とはいえ、住宅街の中を走る岳南電車。どこからでもバッチリと富士山が見えるわけではありません。
後半戦の富士山絶景スポットは、岳南富士岡駅を出て、赤渕川という小さな川を渡る付近です。川があるために、視界を遮る住宅が少なく、富士山をきれいに見ることができます。
ほんの少しですが、吉原駅周辺で見た富士山よりも大きく感じるのは、少し北側へ移動して、富士山との距離が縮まったからでしょうか。
【岳南電車 乗車記3】 住宅街の中の終着駅、岳南江尾駅
再び住宅街の中を進んでいくと、まもなく、終点の岳南江尾駅に到着です。
13時18分に岳南江尾駅に到着。吉原から20分ちょっとの旅でした。
岳南江尾駅は、幅の広いホームの真ん中に花が植えられていました。花の両側には電車。青空が広がり、住宅街の中にありながら、空が広く感じます。
岳南江尾駅の駅舎です。駅員がいそうな雰囲気ですが、無人駅です。小さいながら、立派な駅舎ですので、以前は駅員がいたのでしょうね。
岳南江尾駅の目の前には、東海道新幹線の高架橋があり、新幹線が高速で駆け抜けでいきます。時速40キロ程でのんびりと走る岳南電車とは対照的です。
【岳南電車 乗車記4】 貨物輸送自体の機関車がただずむ岳南富士岡駅
岳南江尾駅からは、折り返し13時24分発の「だるま電車」に乗ります。
このまま吉原まで戻ってもつまらないので、途中の岳南富士岡駅で下車。
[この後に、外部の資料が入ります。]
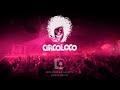 DC10 Ibiza CIRCOLOCO Party DC10 Ibiza CIRCOLOCO Party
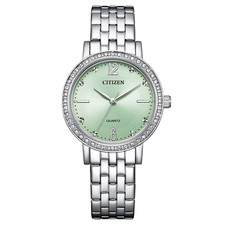 CITIZEN EL3100-55X - Orologio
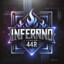InfernoL4ncer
この駅で途中下車したのは、岳南江尾駅へ向かう途中で、車両基地のようなものが見えたからです。
駅の横には検修設備があり、9000系電車が止まっていました。元富士急行の1200形を譲り受けて改造したものだそうですが、富士急行に譲渡される前は京王電鉄の5000系という車両でした。
そして、岳南富士岡駅には、貨物輸送で活躍していた古い機関車たちが残されています。
岳南電車の前身(親会社)の岳南鉄道は、以前は貨物輸送も実施していましたが、2011年に廃止。その後、2013年に、鉄道事業を子会社の「岳南電車」に移管したという経緯があります。
上の写真は、ED50形とED29形の電気機関車です。
ED50形(ED501)は、元上田温泉電軌(現在の上田電鉄)が1928年に導入した電気機関車(川崎造船製)で、その後、名古屋鉄道へ譲渡。名古屋鉄道で貨物列車の牽引に利用されたあと、岳南鉄道にやってきたそうです。
ED29形(ED291)は、豊川鉄道で利用されていた電気機関車で、その後、岳南鉄道にやってきました。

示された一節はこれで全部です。